What is the leaf-score in LightGBM (classification)? - machine-learning

I have trained LightGBM on a binary-classification problem, and when plotting the tree I get some leafs like this
I struggle to find the loss-function for the classification trees - Does LightGBM minimize the cross-entropy in the binary case, and is that the leaf score?

I struggle to find the loss-function for the classification trees - Does LightGBM minimize the cross-entropy in the binary case
Yes, if you don't specify an objective then LGBMClassifier will use cross-entropy by default. The documentation in https://lightgbm.readthedocs.io/en/latest/pythonapi/lightgbm.LGBMClassifier.html#lightgbm.LGBMClassifier says that the default for objective is "binary", and then https://lightgbm.readthedocs.io/en/latest/Parameters.html#objective notes that binary is cross-entropy loss.
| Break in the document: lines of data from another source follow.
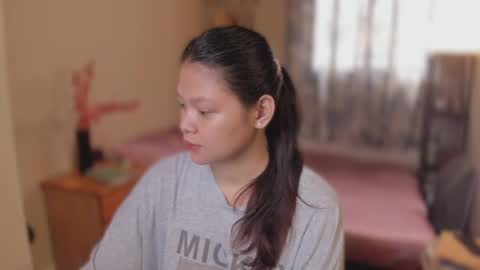 Snapshot of _ann1e_ chatting on May 14, 2026, 4:41 am annie . online show from May 14, 2026, 4:41 am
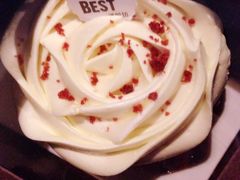 -Pantry's Best派悦坊蛋糕(K11购物艺术中心店)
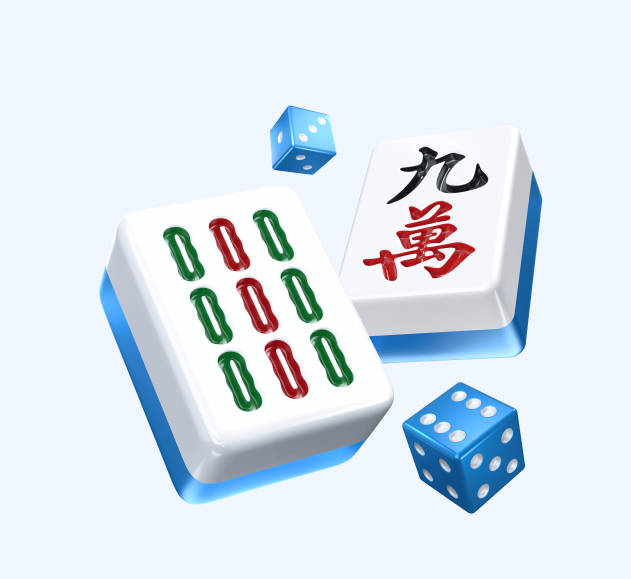 王俊杰：长沙热身赛后状态比较低迷 半夜找郭导聊过后恢复了状态
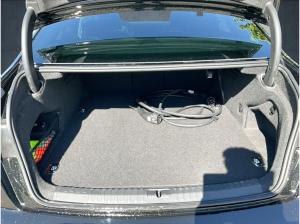 Audi A6 Limousine sport 55 TFSI e qu S tr. PANO AHK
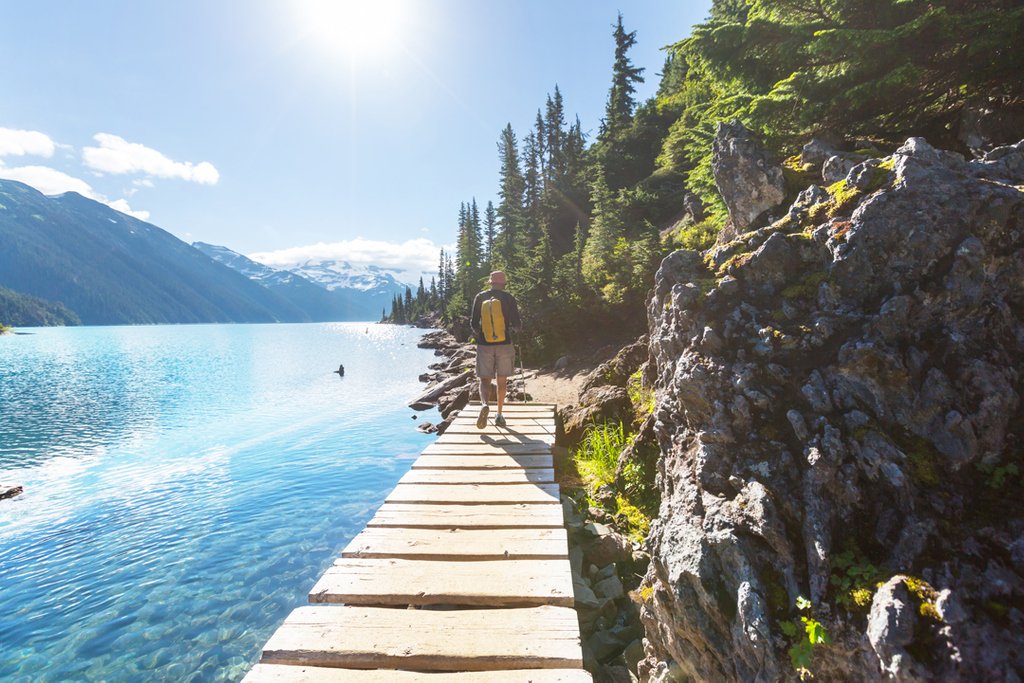 Potable_Aqua's tweet photo. The weekend has arrived! Time to ditch the roads and hit the #trails. #potableaqua #hikingadventures https://t.co/wc45YnbGHA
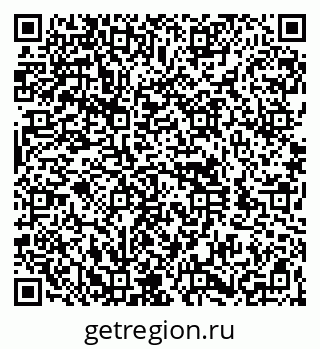 79260958092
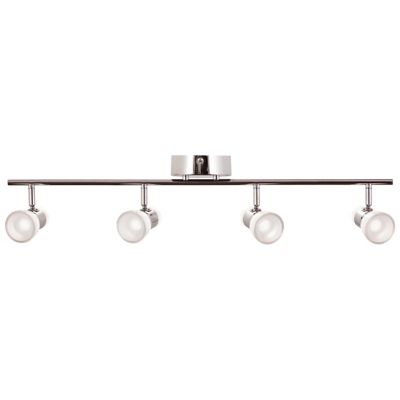 Ylighting deals track lighting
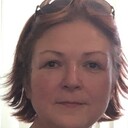  ,   , 52 ,   ,   , 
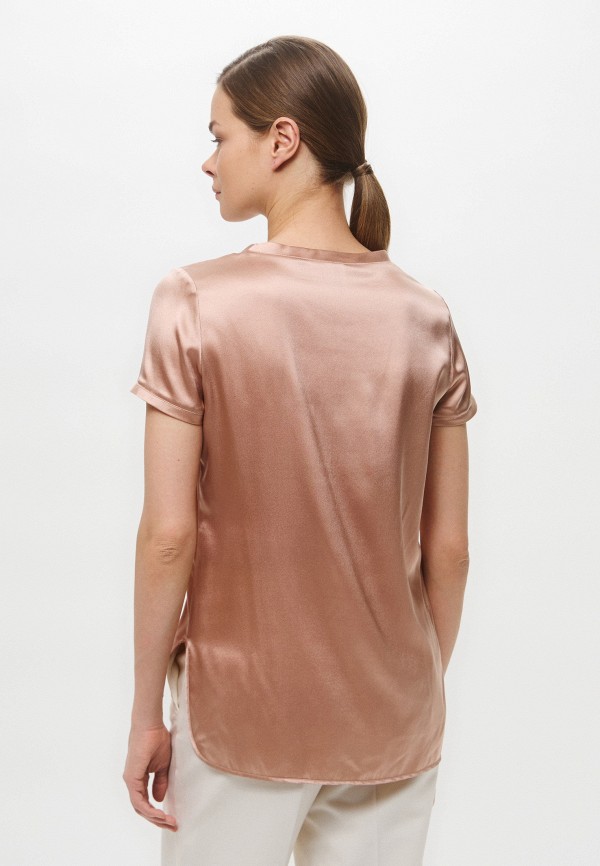 Pinko Блуза - фото 3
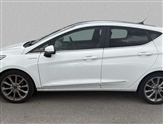 Ford Fiesta Image 5
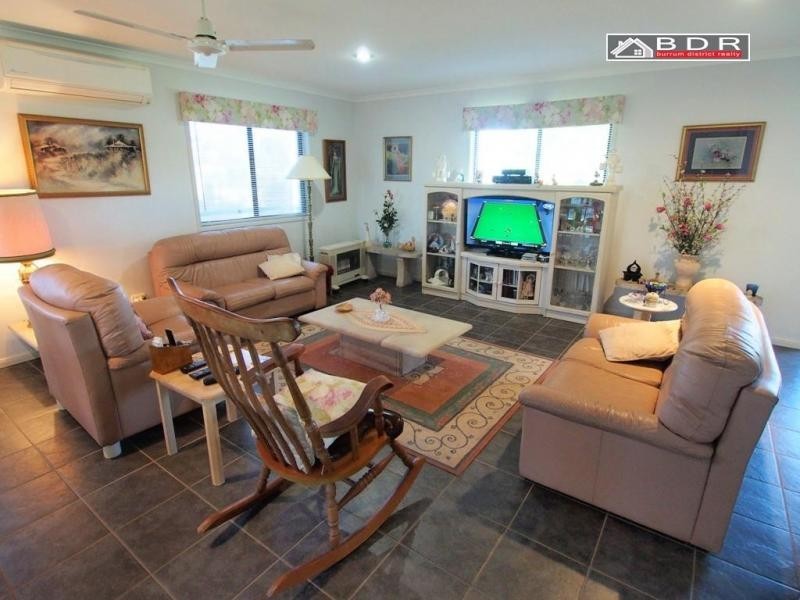 10 Brypat Close, Burrum Heads QLD 4659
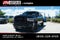 2022 RAM 2500 Laramie Crew Cab 4x4 6'4' Box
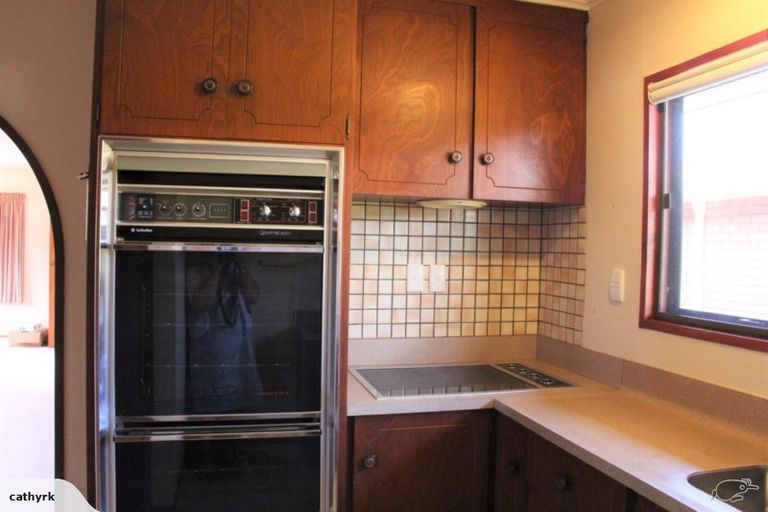 Photo of property in 7/14 Avondale Road, Taradale, Napier, 4112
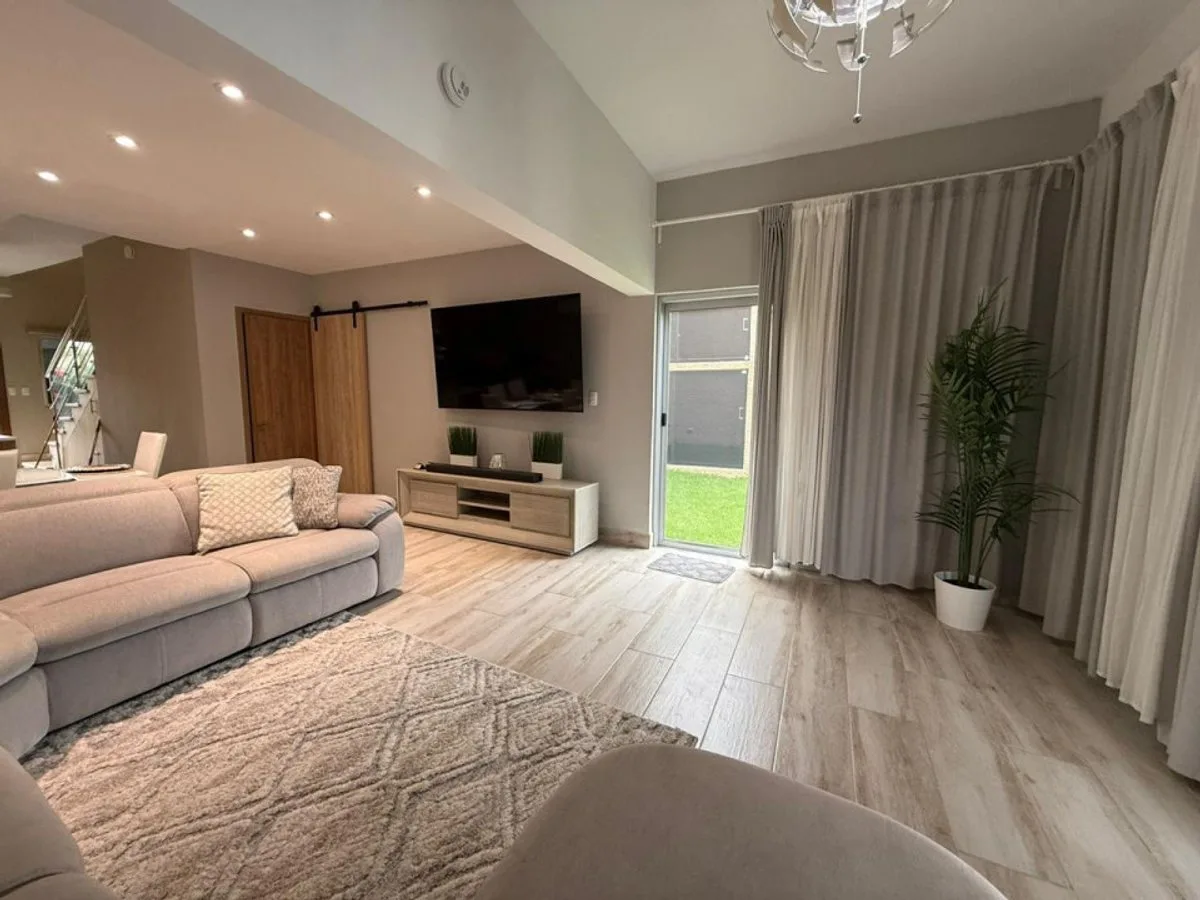 Vendesi o affittasi villa a Punta Cana, foto 10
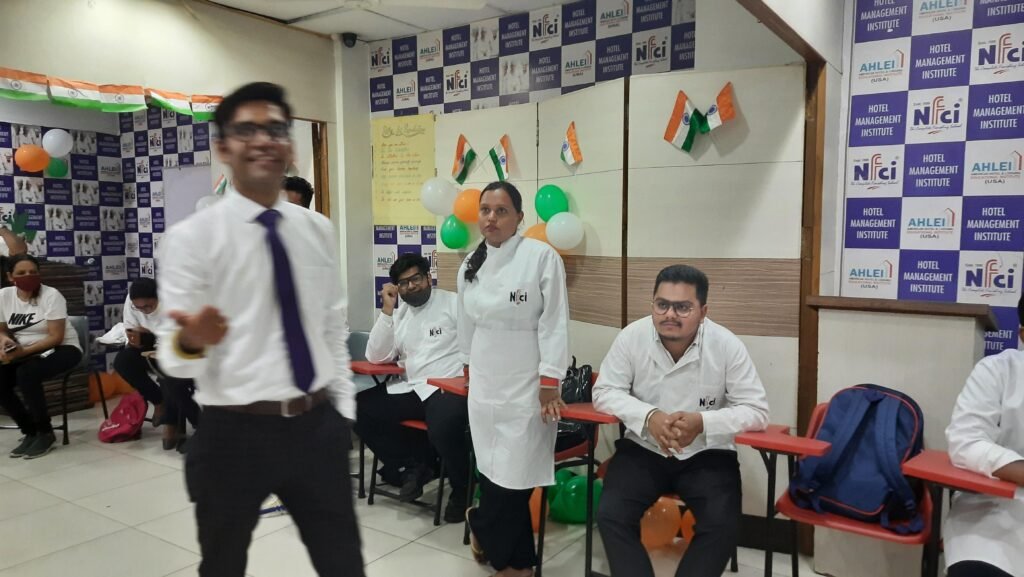 independence day celebration
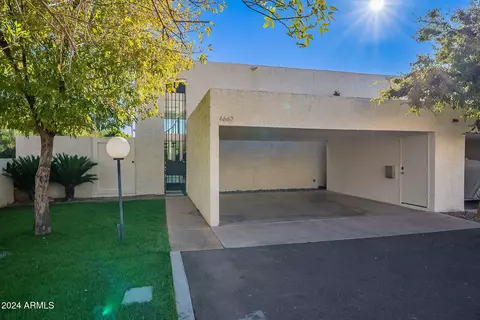 4662 N 40th St, Phoenix, AZ 85018 photo 3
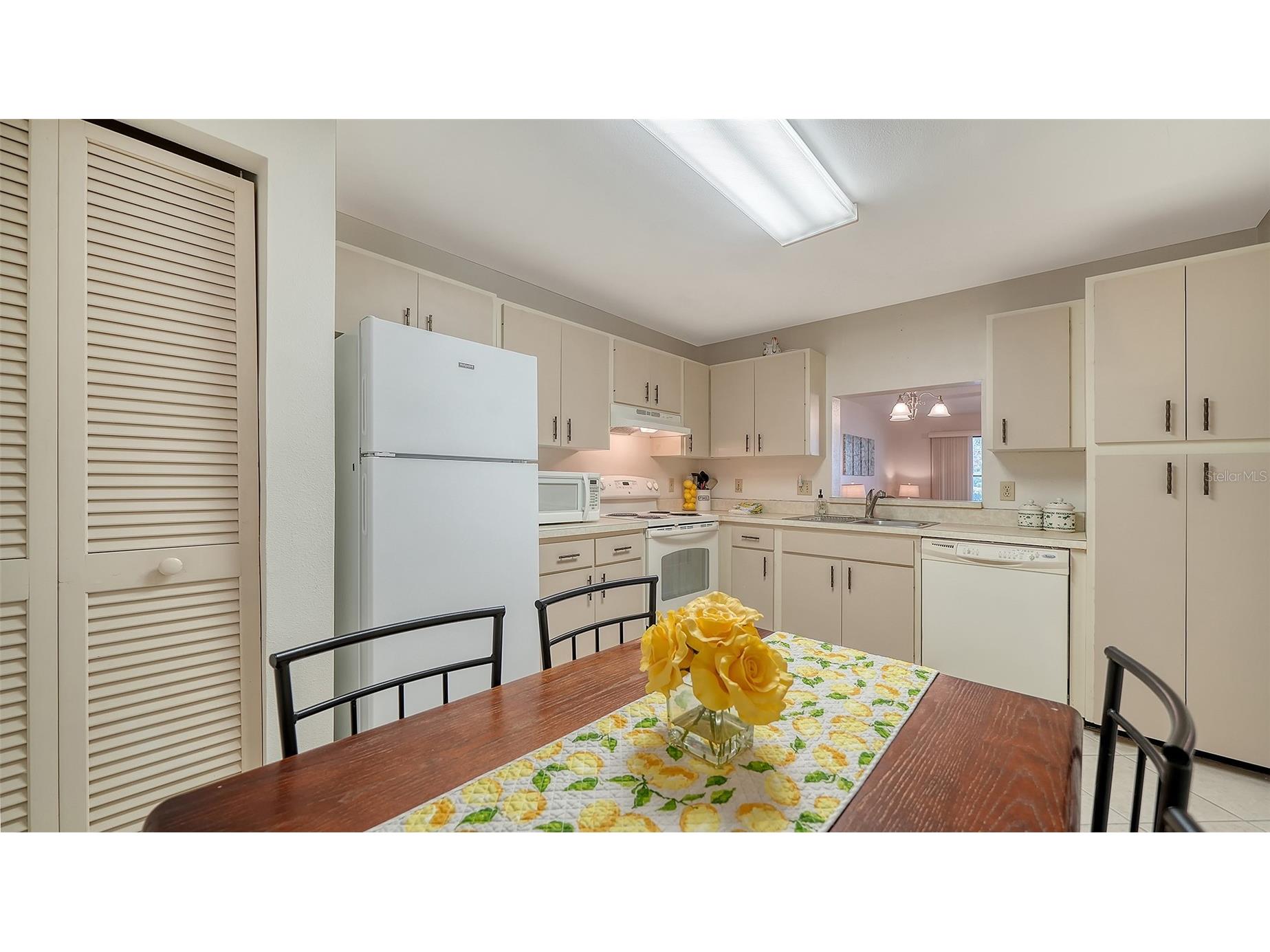 214 Lakewood Drive #214 Bradenton FL 34210 A4682150 image22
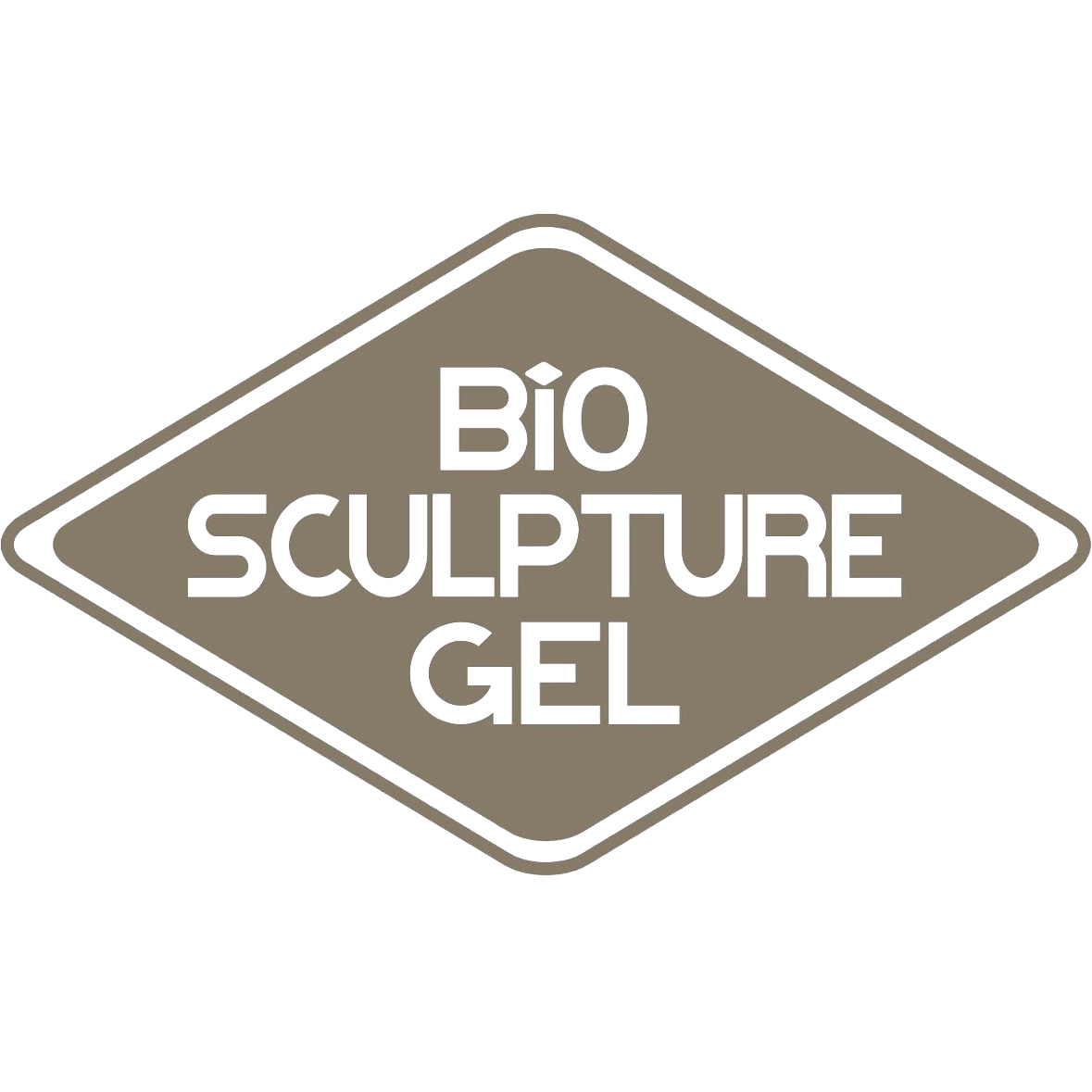 bio-sculpture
and is that the leaf score?
The values like leaf 33: -2.209 ("leaf scores") represent the value of the target that will be predicted for instances in that leaf node, multiplied by the learning rate.
Negative values are possible because of the way the boosting process works. Each tree is trained on the residuals of the model up to that tree. A prediction from a model is obtained by summing the output of all trees. The XGBoost docs have a very good explanation of this: "Introduction to Boosted Trees".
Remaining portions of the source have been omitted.